For those of you who don’t trudge the internet’s shady recesses, “2 Girls 1 Sub” pays homage to “2 Girls 1 Cup”, a notoriously graphic meme. You don’t need to know every detail of the backstory, but “2 Girls 1 Cup” is a minute-long clip that starts off as standard lesbian porn, then takes an abrupt scatological turn around the :10 mark. And another one at the :19 mark. And another one, involving a different orifice that even a seasoned porn viewer would never have predicted, at the :38 mark.

“2 Girls 1 Cup” inspired a secondary meme that ended up outshining its parent, as hundreds of people posted G-rated videos of the horrified reactions of unsuspecting viewers watching “2 Girls 1 Cup” for the first time. Typical comments included “I can never have sex again”, “My eyes, my eyes!” and “That’s got to be chocolate soft-serve ice cream, right?”

Quizno has pilfered adopted the concept and produced a video with directorial help from Playboy, an entity that was apparently iconoclastic and hip during the Eisenhower administration. (They published a magazine that had nekkid wimmens in it!) Between them, Quizno’s and Playboy extracted all the excretory parts, found a couple of better-looking chicks, located “Toasty Torpedo” on the call sheet and rolled tape.

“2 Girls 1 Cup” was recorded 2 years ago and went viral last year, making it prehistoric by the measure of modern attention spans.
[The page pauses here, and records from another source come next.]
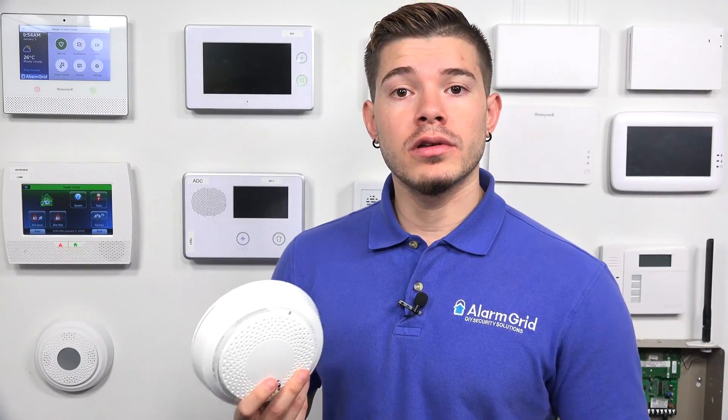The 5800 combo is a combo detector that does both smoke, heat, and CO detection. It also has the option to do freeze detection. If the temperature drops below 41 degrees Fahrenheit, the sensor will actually send a freeze detection trouble over to the panel.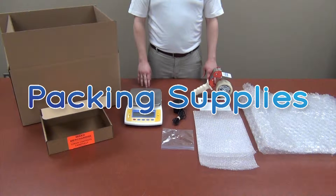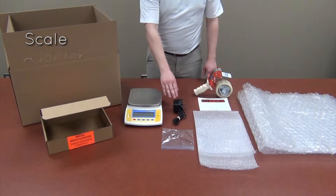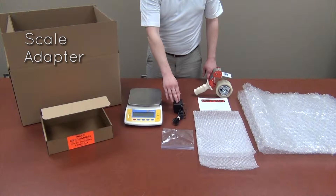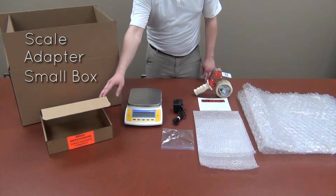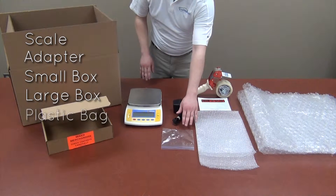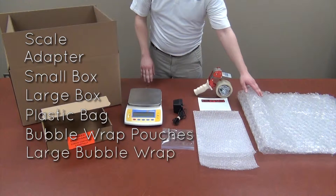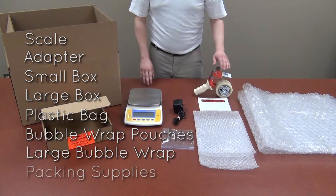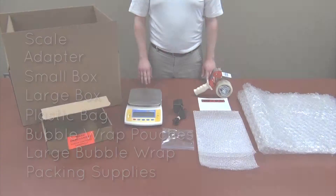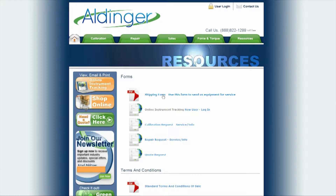To begin packing your scale, you will need the following items: your scale, your scale's power adapter, a small box, a large box, a plastic bag, bubble wrap pouches, large bubble wrap, and other packing supplies such as tape and packing peanuts. You will also need to fill out and print a service form located on the resources page of our website.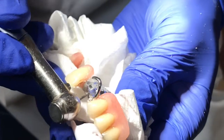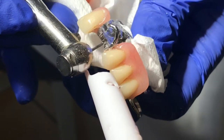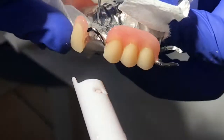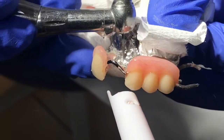Now, after you have created the mesial and distal retention grooves, you are now working on the palatal metal frame retention grooves, and roughening the surface of the metal base.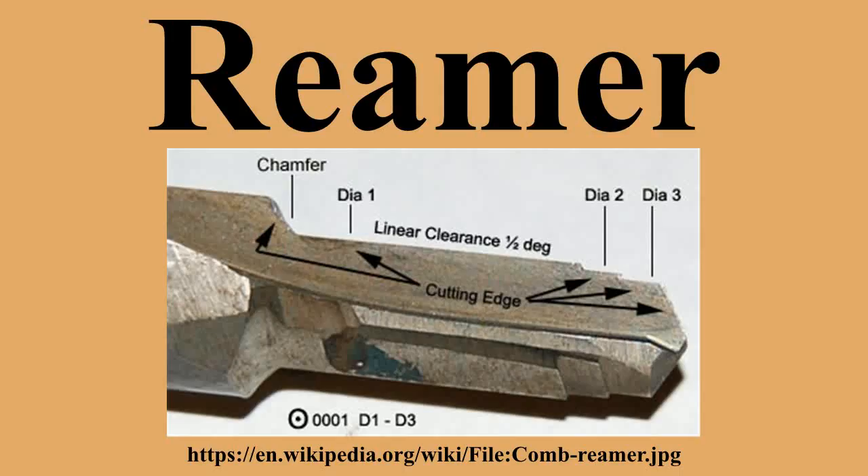A rose reamer has no relief on the periphery and is offset by a front taper to prevent binding. They are primarily used as roughing reamers. Shell reamers are designed for reaming bearings and other similar items. They are fluted almost the whole length.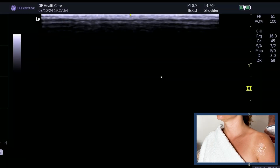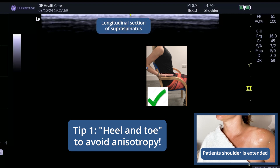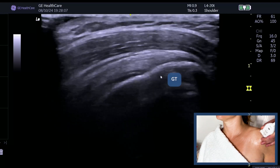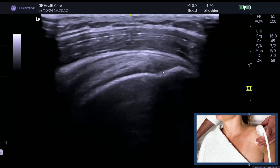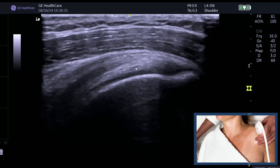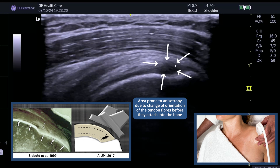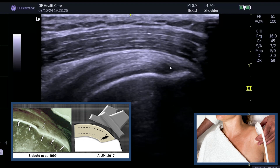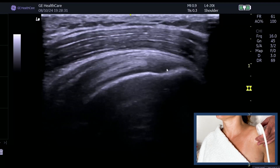I want to show you a little tip for when you're scanning supraspinatus. If we put the patient into a shoulder extended position avoiding abduction, I'm going to show you how important it is, particularly in the long section, to use your heel and toe. If we look here, we've got the greater tuberosity. You can see supraspinatus here. We all know we get this dark hypoechoic region — this is the anterior aspect of supraspinatus and this is the articular surface, a very common area for a tear. So you must heel down the probe.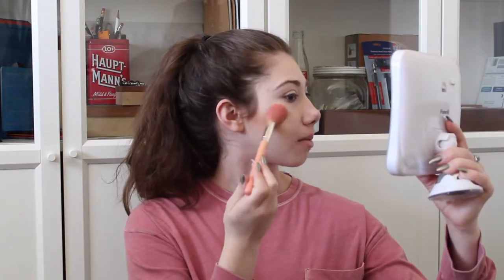Now I'm going to take this blush from Makeup Forever — I got this in a Play by Sephora box, and I really like it, but it doesn't say the name or tell me which one this is. I'll probably do a little bit more research so when I run out I can go buy another one. I'm going to take my Medellion Tools 944 brush and pop just a little bit of that on my cheeks.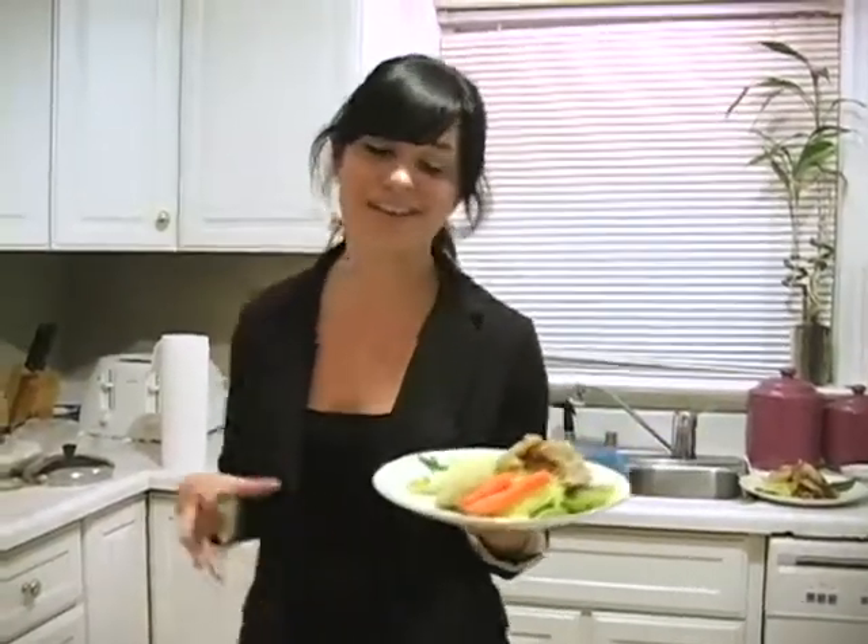The food's plated and we're ready to go. So that concludes our three segments on how to prepare a dinner party, and now we're all ready to eat.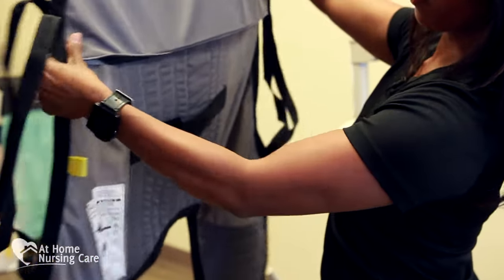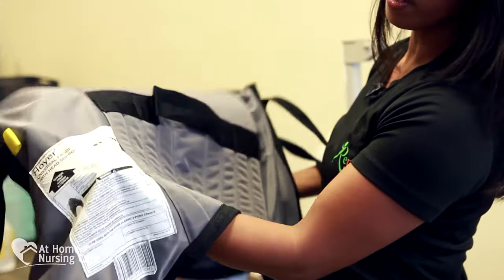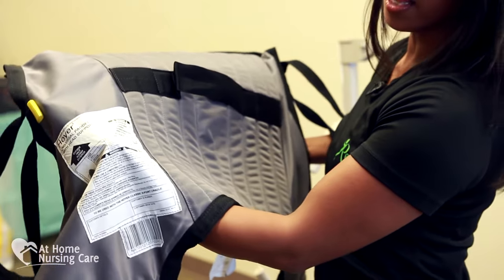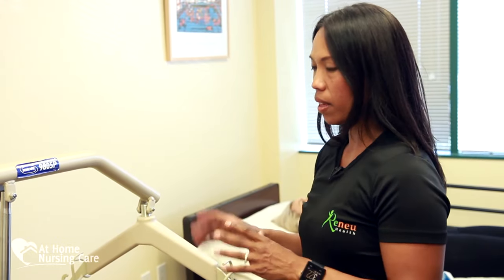An important part of the sling is knowing the weight capacity. You need to check the label to make sure it's within the weight capacity of your client — the label is usually on the back part of the sling. Once you've determined the type of sling your client needs and confirmed it's within weight capacity, we also need to take a look at the Hoyer lift itself and know its parts.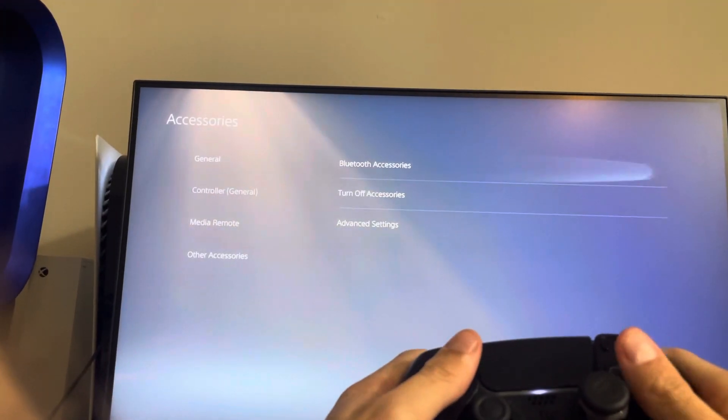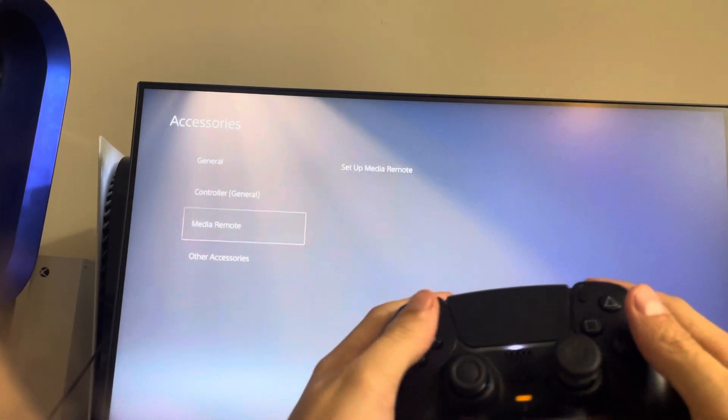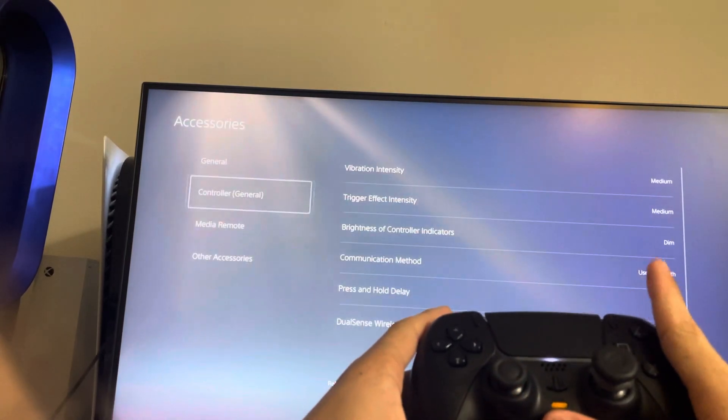The next thing you can try is go to Settings, then Accessories, and disconnect and reconnect the controller — that can help fix the problem. You can also try updating the controller under there, and try using Bluetooth or playing with the cable, or vice versa.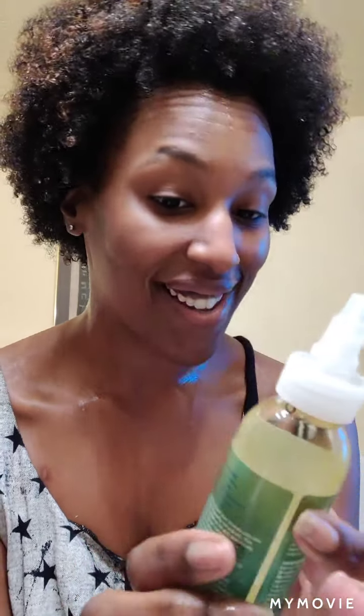My hair is fully washed and fully detangled. My sister is about to braid it for me, but I had to show you guys the whole process. What I love is this water bottle — a lot of water bottles spray really harshly, but this one is a mist. I like to practice the LOC method: the L is for leave-in conditioner. I'm using Jamaican castor oil, the Shea Moisture brand. The O is for oil — I have the Strands of Faith stimulating sealing oil with peppermint essential oil.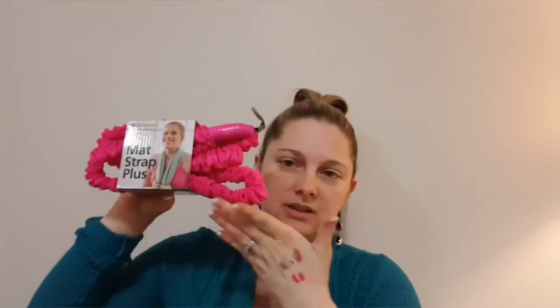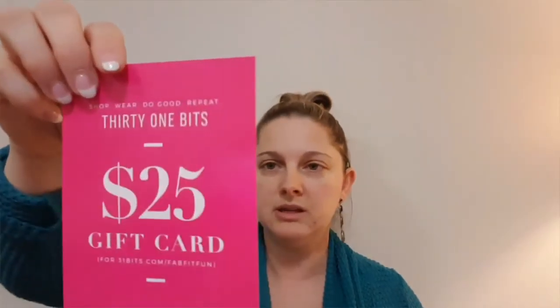I got a yoga mat strap. This thing is $14.99. I'm probably not ever going to use this — I don't do yoga — but that's pretty cool that it's in here. This is their fit thing for the month. If you go to merrithew.com and use the code FFMAT16, you can get 25% off anything from there. Also, there's a $25 gift card to 31 Bits — Shop Wear Do Good Repeat. Every 31 Bits piece is handmade by artisans in Uganda who are earning an income and receiving an education. That's awesome, I'm pretty excited about that.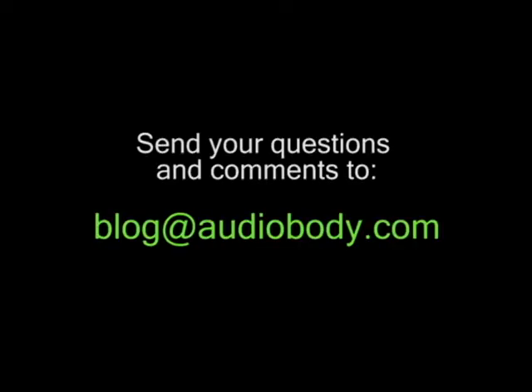We are going to have a new video with our brand new V Trigger Spines coming out soon. But if you have any questions, comments, or suggestions please email us at blog@audiobody.com and sign up on our email list to find out when our next video is going to be released.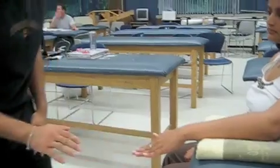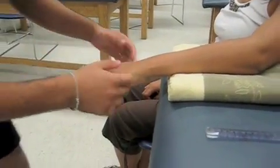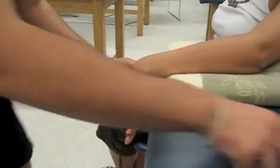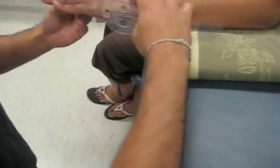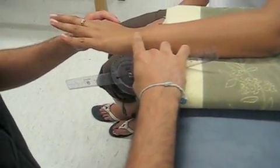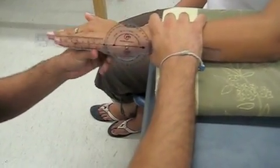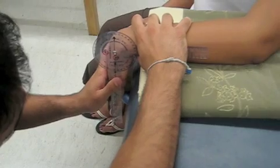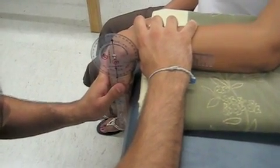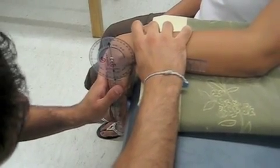Now we're going to do wrist flexion. I ask Deepo to flex her wrist, then I move her wrist into flexion and apply overpressure. The axis of rotation and the endpoints are the same — distal to the styloid process of the ulna. I move her wrist down with some overpressure, and we have 92 degrees of wrist flexion. The normal for wrist flexion is 80 degrees.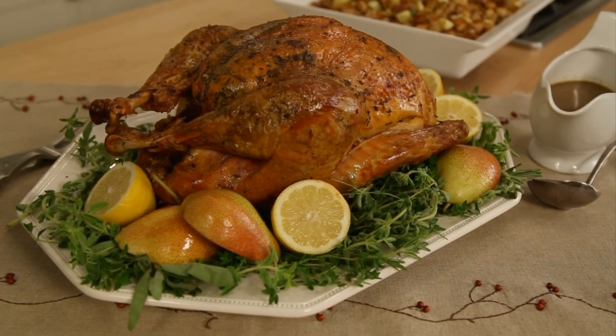Hope you enjoy your Thanksgiving. For this turkey recipe and more healthy holiday recipes, come to EatingWell.com.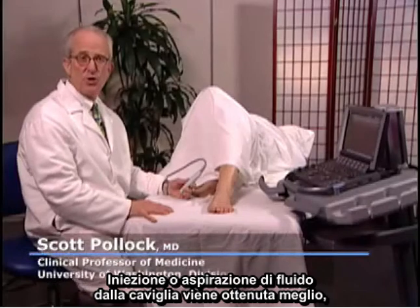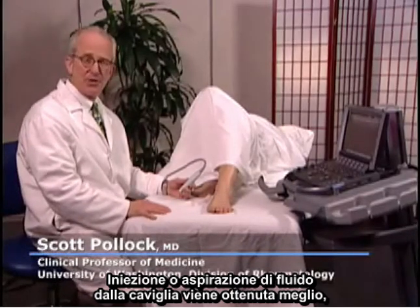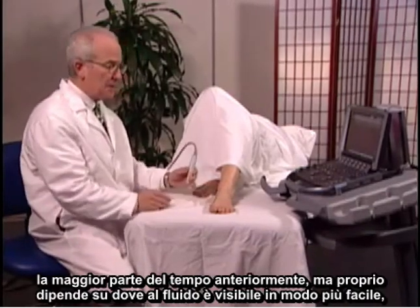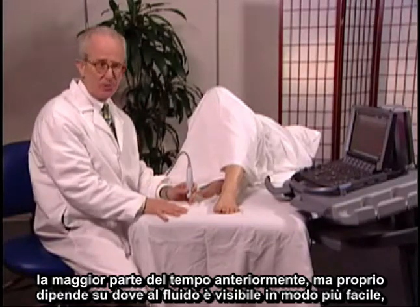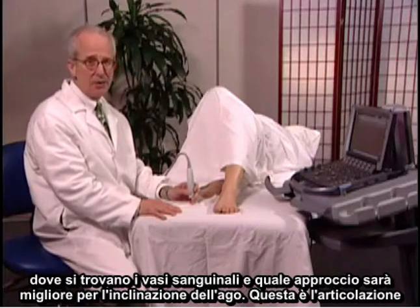Injection or aspiration of fluid from the ankle is best obtained most of the time anteriorly, but it really depends on where the fluid is most easily visible, where the blood vessels are, and what the best approach is for the angle of the needle.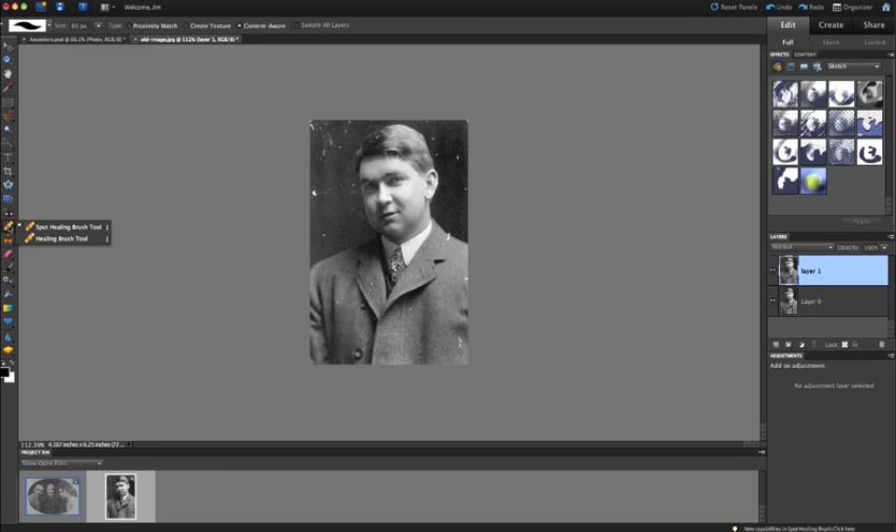To get to that, I hold the left mouse button down on the Band-Aid tool and a sub-menu comes up with two options. The Spot Healing Brush and the Healing Brush are similar, except the Spot Healing Brush randomly picks pixels from the surrounding area and lays them where your cursor is. The Healing Brush lets you pick and choose the source yourself. Both tools automatically blend the applied pixels into the image.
Which is harder – staying classy, or staying current? Here’s an idea, gratis from a real copywriting firm: how about putting dancing hamsters in the next spot? Or incorporating Sean Connery saying, “You’re the man now, dog”?

Ad agencies call the conceptual side of the business the “creative” department, not the “rehashing” department. Regardless of its artistic merit, the very existence (and popularity) of “2 Girls 1 Cup” renders it unusable as a basis for any legitimate ad campaign.

See John Barr’s repackaging of Austin Powers, two posts below.  Or Palace Station’s tired TV spot featuring 4 homely women who think they’re attractive and cosmopolitan, sitting around a table and talking about shoes and singlehood. Like the above, “2 Girls 1 Sub” is not parody but plagiarism.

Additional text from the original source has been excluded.